Food…delicious food. McLeod Ganj is filled with great restaurants offering predominantly Tibetan, Indian, and Italian food. I became a regular at popular Carpe Diem after trying a few of their Indian dishes. The service was friendly and they had a great rooftop seating area with views of upper McLeod Ganj, and the Dhauadhar Range (though less so once the rains began). The Green Hotel made the tastiest cheese and tofu momo’s, while western-styled Moonpeak Expresso offered the best cappuccino I’d tasted in months.
Khana Nirvana is a non-profit community cafe run by several American and silent Indian partners. In business for 11 years, it employs Tibetan refugees who take home any profits. The cafe runs nightly events and I greatly enjoyed the open mic nights when travelers would sing, play the guitar, recite poetry, do spoken word, or play the digiridoo (my personal favorite). One American guy was actually able to play the digiridoo while drumming on one song, and playing the guitar on another. The menu was vegetarian and very bohemian, with the restaurant using organic ingredients.
Ex-Political Prisoner Talk
One evening, I joined Anastasia, Olga, Ron, and Fred for a talk sponsored by an Israeli group. The event was in Bagsu, a town 2km away from McLeod Ganj. The event was packed, and lead off by a Tibetan who worked with the International Campaign for Tibet. While not a historical expert on Tibet, he had been asked to give a brief history of the country during the 20th century.
He was followed by the ex-prisoner whose story was translated into English. To sum it up, he was jailed for 7 years (in the 90’s) after being a part of a small protest in Tibet. He spoke of regular beatings, being hung from the ceiling, and placed in solitary confinement where he would only receive one dumpling and a small cup of water per day. He said it was hard to make logical sense of what activity would result in the beatings. Ten years after his release, and now residing in India, he is still suffering the effects of repeated trauma to his head. Sadly, from what I’ve read, his story is not unusual, and highlights China’s poor record when it comes to human rights in Tibet.

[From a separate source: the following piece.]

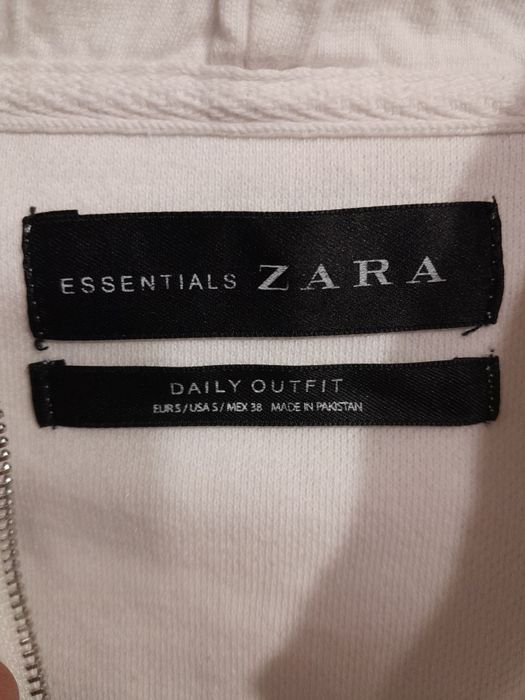 Trening ESSENTIALES ZARA originali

Public Audience With The 17th Karmapa
It’s not every day you can attend a public audience with the spiritual leader of a Tibetan sect of Buddhism (of which there are four). Given the 17th Karmapa resided in Dharamsala, I convinced Steve to join me for a visit. Public audiences are held at the monastery where he resides twice a week. We took a taxi, bought katas (silk scarves) to offer, and queued up outside the gompa. Steve made it a point to be first in (the men’s) line, which enabled us to sit front and center.

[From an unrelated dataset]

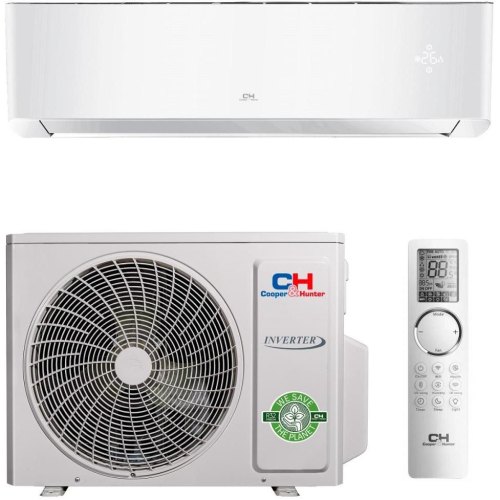 спліт-система Cooper&Hunter SUPREME CONTINENTAL (WHITE) GEN VI CH-S18FTXAL2-WP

Eventually, a voice came over the speaker system, and I realized it was the Karmapa speaking. We were a bit disappointed that he wasn’t speaking from the solitary seat in front of us. After 20 minutes of talking, a group of monks entered the gompa, followed by the young Karmapa. Everyone lined up, holding the katas in front of them as they approached a monk. Giving the kata to the monk as an offering, he then returns it by placing it around the giver’s neck. In effect, he has then blessed it by this interaction. We weren’t sure who the monk was, but he certainly wasn’t the Karmapa. The Karmapa would then hand each person a red string. People placed the strings around their necks or wrists. I did the latter, hoping it’d bring me a little good luck in the near future.
In the future I intend to read the story of the 17th Karmapa, as he escaped from Tibet over the Himalaya in what is suppose to be quite an amazing adventure. Currently, his status as the leader of the sect is up for debate because there is another monk in Delhi who is also said to be the 17th Karmapa. Neither is allowed to assume their rightful seat at the Rumtek Monastery in Sikkim for fears it will further aggravate China.
Once I was feeling myself again, I downgraded my room at Hotel Mount View. I lost the soft mattress and balcony, keeping cable TV access so I could continue to watch the Euro 2008 tournament. After the first week, all the matches were at the late local hour of 12am. It wasn’t until the quarterfinals that I realized it was saner to simply watch the replays at 9am. McLeod Ganj didn’t offer much in the way of public viewing options. The town all but shuts down by 10pm each night.
Watching the matches offered a nice opportunity to indulge my historical love for television, however it also acted as a gateway to other programming, such as The Wonder Years, CNN/BBC news, and movies like The Father Of The Bride (great one) and Blood Diamond. Sometimes I felt guilty for being tucked away in my room, and other times it felt like an overdue experience. The early arrival of the rainy season made it all the easier to stay indoors.